CONCLUSION : LE PRÉSIDENT MACRON, AVEC LA COMPLICITÉ DU CONSEIL CONSTITUTIONNEL, DÉTRUIT LA LOI IMMIGRATION ET L’ESPRIT DE LA CONSTITUTION
Tout allait à nouveau à peu près bien en décembre 2023 quand Gouvernement et Parlement après négociations avaient abouti à un accord qui a débouché sur le vote de la loi.
Tout a chaviré quand, passant au-dessus de cet accord qui avait abouti au vote de la loi, le Président MACRON a décidé avec la complicité de quelques élus de saisir le Conseil Constitutionnel alors que la Première Ministre était démissionnaire.
Nous estimons donc que la manœuvre du Président de la République constitue un précédent grave.
Nous espérons que cet abus de procédure étant une atteinte grave à la vie démocratique de la France ne constituera pas une jurisprudence et suggérons que le peuple français qui tient à sa démocratie puisse par référendum demander une modification de la Constitution qui redonnerait clairement sa suprématie à l’assemblée nationale pour l’adoption des lois.
Quelques extraits de la décision du Conseil Constitutionnel
Texte intégral
https://www.conseil-constitutionnel.fr/decision/2024/2023863DC.htm
Extraits
86. Dès lors, sans que le Conseil constitutionnel ne préjuge de la conformité du contenu de ces dispositions aux autres exigences constitutionnelles, il y a lieu de constater que, adoptées selon une procédure contraire à la Constitution, elles lui sont donc contraires.
- Sur la place de l’article 44 :
158. L’article 44 modifie l’article L. 222‑5 du code de l’action sociale et des familles afin de prévoir une exception à l’obligation de prise en charge par les services départementaux, dans le cadre d’un contrat jeune majeur, des majeurs de vingt et un ans précédemment confiés à l’aide sociale à l’enfance, lorsqu’ils ont fait l’objet d’une décision portant obligation de quitter le territoire français.
159. Les députés requérants soutiennent que cet article n’aurait pas sa place dans la loi au motif qu’il aurait été introduit en première lecture selon une procédure contraire à l’article 45 de la Constitution.
160. Introduites en première lecture, ces dispositions ne peuvent être regardées comme dépourvues de lien, même indirect, avec celles précitées de l’article 10 du projet de loi initial. Le grief tiré de la méconnaissance du premier alinéa de l’article 45 de la Constitution doit donc être écarté.

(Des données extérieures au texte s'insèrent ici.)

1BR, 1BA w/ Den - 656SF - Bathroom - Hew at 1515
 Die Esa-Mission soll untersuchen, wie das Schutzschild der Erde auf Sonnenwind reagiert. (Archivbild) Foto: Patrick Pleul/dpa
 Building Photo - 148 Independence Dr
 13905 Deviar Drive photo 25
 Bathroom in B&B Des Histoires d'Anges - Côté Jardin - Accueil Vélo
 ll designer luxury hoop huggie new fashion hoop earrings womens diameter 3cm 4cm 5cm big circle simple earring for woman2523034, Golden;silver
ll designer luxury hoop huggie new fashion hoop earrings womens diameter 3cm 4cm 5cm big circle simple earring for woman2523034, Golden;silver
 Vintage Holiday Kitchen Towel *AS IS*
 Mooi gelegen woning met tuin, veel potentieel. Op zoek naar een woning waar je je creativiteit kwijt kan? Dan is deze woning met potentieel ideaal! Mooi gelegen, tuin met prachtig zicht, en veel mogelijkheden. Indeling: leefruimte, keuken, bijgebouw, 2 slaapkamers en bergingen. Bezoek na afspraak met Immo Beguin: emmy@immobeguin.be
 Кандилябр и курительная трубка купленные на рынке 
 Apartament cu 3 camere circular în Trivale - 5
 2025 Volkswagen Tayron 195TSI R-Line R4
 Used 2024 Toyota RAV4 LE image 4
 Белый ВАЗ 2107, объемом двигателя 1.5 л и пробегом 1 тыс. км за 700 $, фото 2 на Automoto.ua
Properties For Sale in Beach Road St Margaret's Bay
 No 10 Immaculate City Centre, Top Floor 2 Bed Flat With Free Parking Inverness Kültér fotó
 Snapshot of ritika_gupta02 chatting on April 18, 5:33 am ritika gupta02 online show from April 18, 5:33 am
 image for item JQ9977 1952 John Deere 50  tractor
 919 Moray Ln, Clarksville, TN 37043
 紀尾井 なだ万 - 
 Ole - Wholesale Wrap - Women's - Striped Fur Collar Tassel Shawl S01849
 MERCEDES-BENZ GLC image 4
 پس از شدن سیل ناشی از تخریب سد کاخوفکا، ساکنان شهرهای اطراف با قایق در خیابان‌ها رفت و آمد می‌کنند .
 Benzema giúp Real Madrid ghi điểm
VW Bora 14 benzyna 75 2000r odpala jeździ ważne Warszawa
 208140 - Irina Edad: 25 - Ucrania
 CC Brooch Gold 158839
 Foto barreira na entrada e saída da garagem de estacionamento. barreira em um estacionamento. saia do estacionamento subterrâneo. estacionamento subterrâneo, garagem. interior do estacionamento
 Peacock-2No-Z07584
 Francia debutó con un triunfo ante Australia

161. Il en résulte que l’article 44 (de la loi) a été adopté selon une procédure conforme à la Constitution
- Sur la place de l’article 45 (de la constitution de 1958):
162. L’article 45 modifie l’article L. 221‑2‑4 du code de l’action sociale et des familles afin de prévoir que l’évaluation de la situation d’une personne se déclarant mineure et privée temporairement ou définitivement de la protection de sa famille est réalisée sur la base d’un cahier des charges national défini en concertation avec les départements.
163. Les députés requérants soutiennent que cet article n’aurait pas sa place dans la loi au motif qu’il aurait été introduit en première lecture selon une procédure contraire à l’article 45 de la Constitution.
164. Introduites en première lecture, ces dispositions relatives au régime d’aide et d’action sociales dont bénéficient certaines catégories de personnes vulnérables ne présentent de lien, même indirect, avec aucune des dispositions qui figuraient dans le projet de loi déposé sur le bureau du Sénat.
165. Dès lors, sans que le Conseil constitutionnel ne préjuge de la conformité du contenu de ces dispositions aux autres exigences constitutionnelles, il y a lieu de constater que, adoptées selon une procédure contraire à la Constitution, elles lui sont donc contraires.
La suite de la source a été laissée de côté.